As a business analyst, knowledge, empathy and tolerance of other cultures and nationalities is very important, but it is also a difficult challenging aspect of modern large corporations. An important skill is to be able to use and communicate effectively using a range of tools - email, white boards, messaging, phone, conference calls, video calls, shared applications, etc. It is also beneficial to be aware of the potential sensitivities and frictions that may exist in such environments. Another consideration in distributed teams is the increased management overhead to address the negative impact to communications.

The early 2000's saw the emergence of Business Process Management systems - growing out of workflow systems. The associated notation languages are still evolving. The emergence of these systems and tools led to the development of what has come to be known as Business Process Management (BPM) which is about continuous evolutionary change in line with Non-Linear Management as distinct from the large once off changes of Michael Hammer's Business Process Reengineering, an example of Linear Management.

The Software Engineering Institute (SEI) released the Capability Maturity Model Integration (CMMI) in 2001, as a successor to CMM in an effort to improve the usability of maturity models for software development and other disciplines. It has also incorporated many of the ideas of SPICE.

In 2001, 17 people, mostly XP practitioners got together due to their interest in "lightweight methods" of programming. They released the Agile manifesto and formed the Agile Alliance to represent the various lightweight methods under the one umbrella, Agile.

The Sarbanes-Oxley Act of 2002 (Public Company Accounting Reform and Investor Protection Act of 2002), also known as SOX, was introduced to address a range of corporate and accounting scandals in the US. It acknowledges the role that IT plays in maintaining the security, authenticity and accountability of a company's accounts, and has had a big impact on the processes around developing software and managing production data.
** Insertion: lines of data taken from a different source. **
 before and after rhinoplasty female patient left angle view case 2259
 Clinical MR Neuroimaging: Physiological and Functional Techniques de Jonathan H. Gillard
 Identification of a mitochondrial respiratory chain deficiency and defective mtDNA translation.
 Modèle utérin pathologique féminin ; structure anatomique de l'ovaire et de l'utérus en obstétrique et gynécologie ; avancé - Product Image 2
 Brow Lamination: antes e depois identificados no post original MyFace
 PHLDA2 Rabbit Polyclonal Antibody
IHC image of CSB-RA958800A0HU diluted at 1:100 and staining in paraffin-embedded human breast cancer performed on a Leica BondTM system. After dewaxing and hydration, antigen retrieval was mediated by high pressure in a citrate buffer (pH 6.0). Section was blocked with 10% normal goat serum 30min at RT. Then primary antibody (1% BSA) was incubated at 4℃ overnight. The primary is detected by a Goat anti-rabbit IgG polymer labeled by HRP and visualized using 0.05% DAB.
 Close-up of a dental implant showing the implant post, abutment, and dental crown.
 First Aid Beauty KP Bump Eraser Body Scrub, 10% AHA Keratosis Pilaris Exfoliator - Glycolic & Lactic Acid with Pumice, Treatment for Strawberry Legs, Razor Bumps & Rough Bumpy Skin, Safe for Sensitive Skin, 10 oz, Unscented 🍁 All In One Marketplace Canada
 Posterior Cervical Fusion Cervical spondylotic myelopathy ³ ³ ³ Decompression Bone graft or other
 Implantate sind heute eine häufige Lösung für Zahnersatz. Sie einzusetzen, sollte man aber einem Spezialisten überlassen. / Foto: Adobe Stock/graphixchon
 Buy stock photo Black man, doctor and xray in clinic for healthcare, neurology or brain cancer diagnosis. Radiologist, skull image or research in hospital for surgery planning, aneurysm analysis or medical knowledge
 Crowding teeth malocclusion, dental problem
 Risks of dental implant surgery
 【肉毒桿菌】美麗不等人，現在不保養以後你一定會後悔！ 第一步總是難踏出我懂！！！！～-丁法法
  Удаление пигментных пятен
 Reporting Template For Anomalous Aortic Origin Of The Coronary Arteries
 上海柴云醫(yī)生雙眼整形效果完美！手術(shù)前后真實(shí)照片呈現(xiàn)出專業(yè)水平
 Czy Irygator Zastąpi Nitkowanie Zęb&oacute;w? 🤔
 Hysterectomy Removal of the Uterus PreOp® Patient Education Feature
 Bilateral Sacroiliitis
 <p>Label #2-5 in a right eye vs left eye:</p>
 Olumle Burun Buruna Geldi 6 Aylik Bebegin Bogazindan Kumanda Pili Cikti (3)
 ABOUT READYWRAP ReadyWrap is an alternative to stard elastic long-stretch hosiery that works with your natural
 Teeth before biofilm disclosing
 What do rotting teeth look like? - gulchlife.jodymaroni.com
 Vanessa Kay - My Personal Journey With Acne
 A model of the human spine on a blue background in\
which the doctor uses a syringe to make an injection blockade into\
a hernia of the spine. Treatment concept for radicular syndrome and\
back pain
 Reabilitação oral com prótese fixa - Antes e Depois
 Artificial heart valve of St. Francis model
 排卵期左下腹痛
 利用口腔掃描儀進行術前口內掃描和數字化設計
Any publicly listed company trading on the US stock exchanges need to be compliant with this act. As a business analyst, it is important that you are at the very least familiar with what the essentials of the act are and what the implications on the company's processes and IT departments are. There are some debates on whether agile methodologies are compliant with SOX.

There has also been a move away from specialist division of labour with a corresponding impact to the traditional span of control. Teams are less hierarchical and more cross functional. There is an increasing tendency to organise teams based on vertical capabilities rather than horizontal. So rather than a team of BA's, a team of developers and a team of testers, a team is made up of BA's, developers and testers, and other members from other departments and the team is responsible for the whole life cycle of a functional piece of work. The members of these teams are managed using matrix management, first introduced in the early 1970's to manage a pool of resources who cycle across projects.